+++ DATA FOR PROCESSING +++

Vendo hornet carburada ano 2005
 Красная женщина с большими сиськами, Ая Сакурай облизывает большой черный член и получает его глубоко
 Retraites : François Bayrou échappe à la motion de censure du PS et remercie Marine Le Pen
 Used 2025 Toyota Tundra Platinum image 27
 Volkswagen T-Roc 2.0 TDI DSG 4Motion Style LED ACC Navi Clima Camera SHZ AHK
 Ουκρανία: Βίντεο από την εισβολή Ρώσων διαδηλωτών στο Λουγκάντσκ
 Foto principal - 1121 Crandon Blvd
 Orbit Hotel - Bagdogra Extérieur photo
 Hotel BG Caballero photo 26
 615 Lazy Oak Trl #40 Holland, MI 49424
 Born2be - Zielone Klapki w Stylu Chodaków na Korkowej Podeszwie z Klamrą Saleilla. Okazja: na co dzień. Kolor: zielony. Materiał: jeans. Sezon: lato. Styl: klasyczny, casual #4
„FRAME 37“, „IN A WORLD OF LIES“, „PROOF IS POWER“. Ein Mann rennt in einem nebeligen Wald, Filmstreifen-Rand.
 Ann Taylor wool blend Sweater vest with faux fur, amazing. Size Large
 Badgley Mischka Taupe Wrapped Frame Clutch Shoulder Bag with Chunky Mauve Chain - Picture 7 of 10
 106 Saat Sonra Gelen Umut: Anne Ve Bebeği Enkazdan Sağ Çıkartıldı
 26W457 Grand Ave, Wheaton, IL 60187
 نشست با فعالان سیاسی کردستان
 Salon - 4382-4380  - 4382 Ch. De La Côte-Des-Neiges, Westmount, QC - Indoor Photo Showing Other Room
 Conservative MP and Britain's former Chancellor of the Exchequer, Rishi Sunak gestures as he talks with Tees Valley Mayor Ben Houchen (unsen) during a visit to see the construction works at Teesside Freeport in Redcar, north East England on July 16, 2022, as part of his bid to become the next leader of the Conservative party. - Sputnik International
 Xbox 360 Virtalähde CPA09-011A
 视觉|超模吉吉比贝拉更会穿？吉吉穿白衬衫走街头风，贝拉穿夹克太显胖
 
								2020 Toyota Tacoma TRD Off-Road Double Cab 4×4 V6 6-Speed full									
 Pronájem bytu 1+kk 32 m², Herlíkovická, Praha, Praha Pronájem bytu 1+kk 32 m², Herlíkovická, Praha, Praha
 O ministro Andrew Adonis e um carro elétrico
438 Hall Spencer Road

+++

EXERCISE INSTRUCTIONS: The lines needed are those in the data above that hold the string "Road"; copy each of them.

EXERCISE SOLUTION:
								2020 Toyota Tacoma TRD Off-Road Double Cab 4×4 V6 6-Speed full									
438 Hall Spencer Road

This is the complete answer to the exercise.